Mighty Atom (鉄腕アトム, Tetsuwan Atomu) is a Japanese black-and-white tokusatsu live-action TV drama that aired on MBS from March 7, 1959 to May 28, 1960 for a total of 65 episodes split into five parts.

==Production==
Tetsuwan Atomu was produced for Mainichi Broadcasting System, sponsored by Lotte Corporation, by Matsuzaki Production, founded by Keiji Matsuzaki, who worked with Eiji Tsuburaya as a special effects director before the war and was a Toho producer.

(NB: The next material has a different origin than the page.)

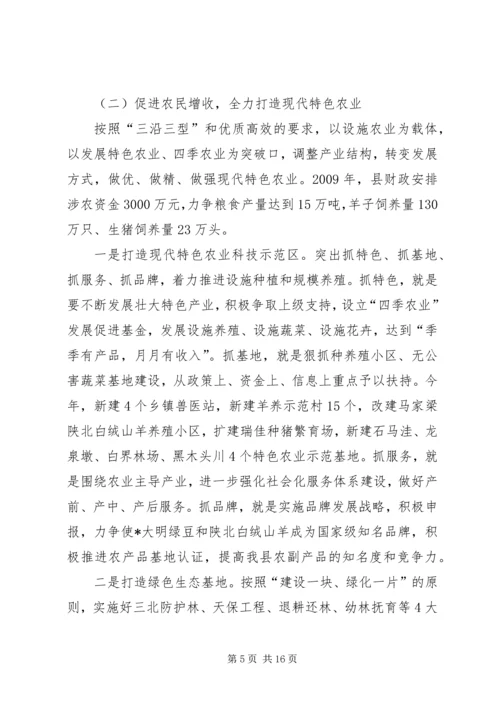 民政局加强农村经济发展计划.docx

It is the first adaptation of Osamu Tezuka's Mighty Atom (a.k.a. Astro Boy) manga comic book series and predates the 1963 Mighty Atom (Astro Boy) anime.

==Plot==
The series condenses the original's science fiction elements, more in line with the detective stories of the time, with a focus on fighting gangsters. In the original, the story takes place in the 21st century, but according to Atom's dialogue in the second part finale, the series takes place in 1959, the same year as the broadcast.

==Reception==
Although the series was popular for a year, Tezuka became dissatisfied with the adaptation, saying that it was too far removed from the image of the original work, and this became the driving force behind the production of the first Astro Boy anime a few years later. In addition, when Sōji Ushio approached Tezuka in 1965 to make a live-action Ambassador Magma, Tezuka initially suggested that he make a live-action Big X for this reason.

However, P Productions' live-action Magma received high praise from Tezuka, and the bad impression of live-action adaptations was dispelled, and Tezuka himself considered producing a live-action version of Mighty Atom in 1972.